Seeds are potential: These tiny, living organisms contain an entire root, stem, and leaf curled dormant in a shell. Seeds are richly various, and sometimes delicious: Pine nuts, almonds, nutmeg, mustard, coffee, cocoa beans, peanuts, beans, and peas — all of these are seeds.

Seeds are our past: Our relationship with them began more than 10,000 years ago, when our ancestors traded in their nomadic, hunter-gatherer ways for a life rooted in place, centered around the cultivation of plants. Early farmers selected seeds from plants based on taste and adaptability, and in exchange, these seeds grew the plants that nurtured and shaped our civilizations. If seeds have been the foundation of human civilization, then farmers have been its engineers.

Seeds are our collective legacy: For most of human history, seeds have been collectively shared and celebrated, a deep knowledge base whose enrichment and accessibility benefits all of humankind.

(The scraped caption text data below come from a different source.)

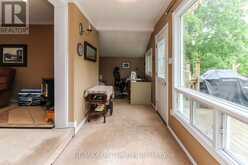 116 STROUD CRESCENT | Wasaga Beach Ontario | Slide Image Eighteen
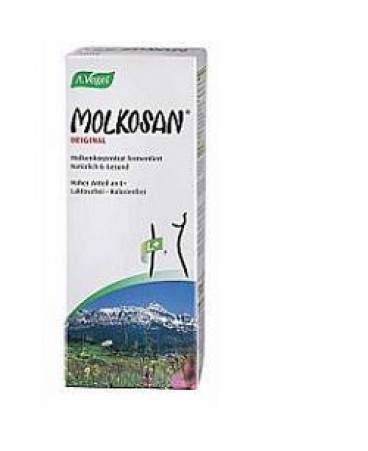 MOLKOSAN BIOFORCE 500ML FDL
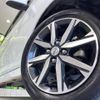 nissan dayz 2017 quick_quick_B21W_B21W-0450336 image 13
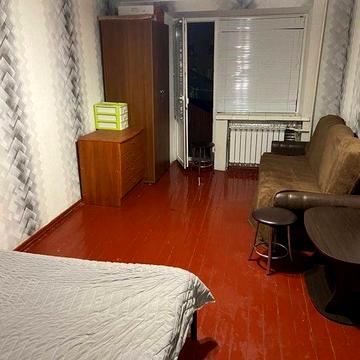Здам однткімнатну квартиру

Over time, human efforts to develop plants have resulted in great diversity of varieties adapted to region, soil type, climate, plant disease, and more. Seeds are hard-earned, a gift bestowed onto each successive generation in a cooperative, collaborative celebration of life. Generations of Indigenous people co-created corn through the selective breeding of wild grasses, and kidnapped Africans braided seeds into their hair before crossing the Middle Passage.

Seeds are a promise to the future: a promise of food security, of economic stability. Yet, as descendents of those first farmers, our birthright is being stolen out from under our noses.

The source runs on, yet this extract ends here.